== ASSIGNMENT ==
Images should be omitted while the rest of the data is duplicated exactly.

== DATASET EXTRACT ==
▬▬▬

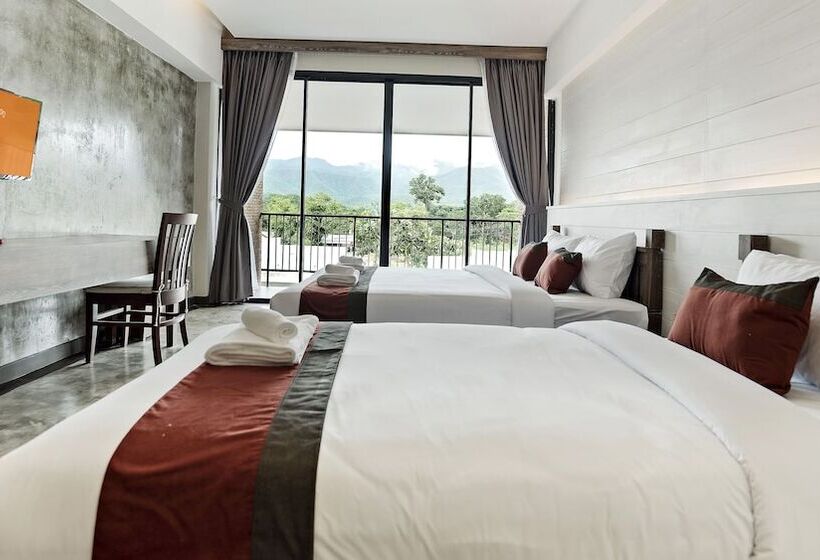 חדר דלוקס לשלושה, B2 Mae Hong Son Premier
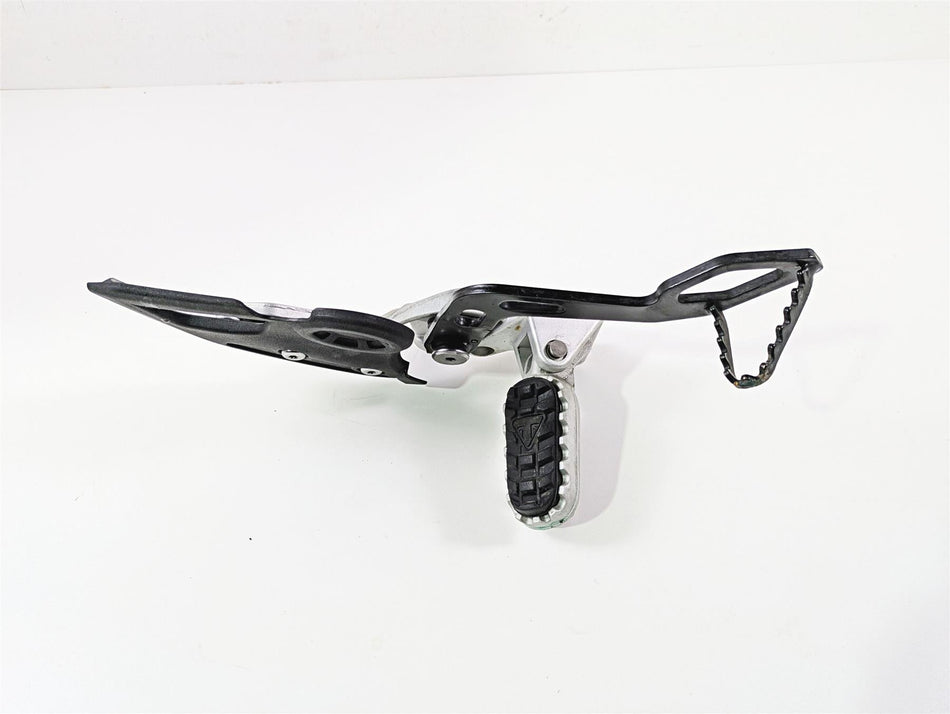2024 Triumph Tiger 900 GT Right Front Footpeg & Brake Pedal T2082358 T2021653 {{ shop.shopifyCountryName }} - Mototech271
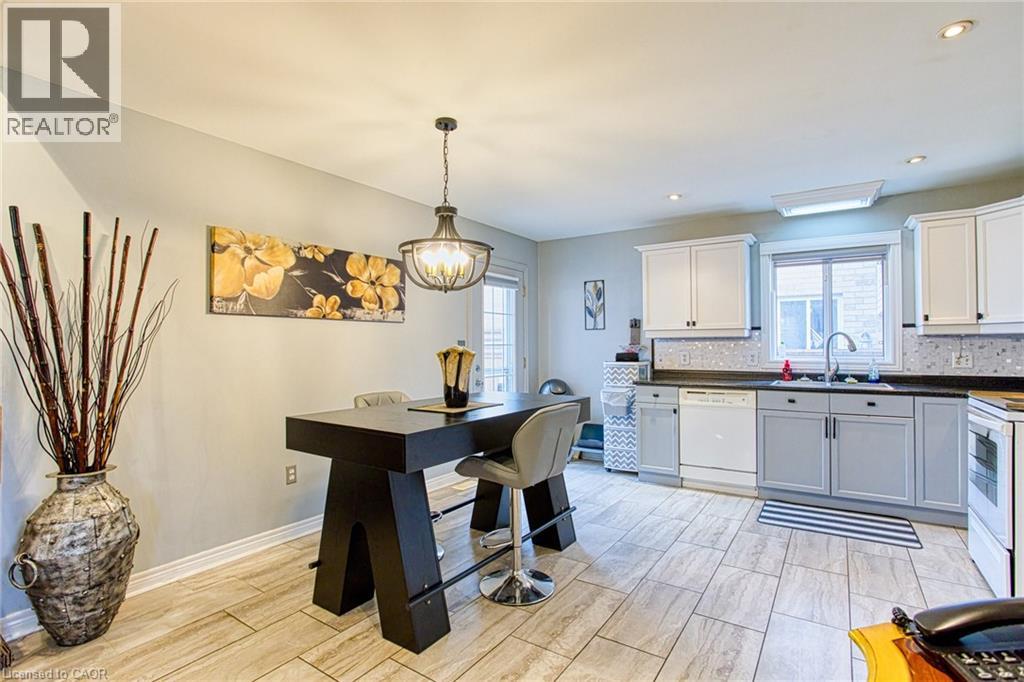 7192 Kelly Drive, Niagara Falls, Ontario  L2H 3K1 - Photo 13 - 40821112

▬▬▬

== THE ANSWER ==
 חדר דלוקס לשלושה, B2 Mae Hong Son Premier
2024 Triumph Tiger 900 GT Right Front Footpeg & Brake Pedal T2082358 T2021653 {{ shop.shopifyCountryName }} - Mototech271
 7192 Kelly Drive, Niagara Falls, Ontario  L2H 3K1 - Photo 13 - 40821112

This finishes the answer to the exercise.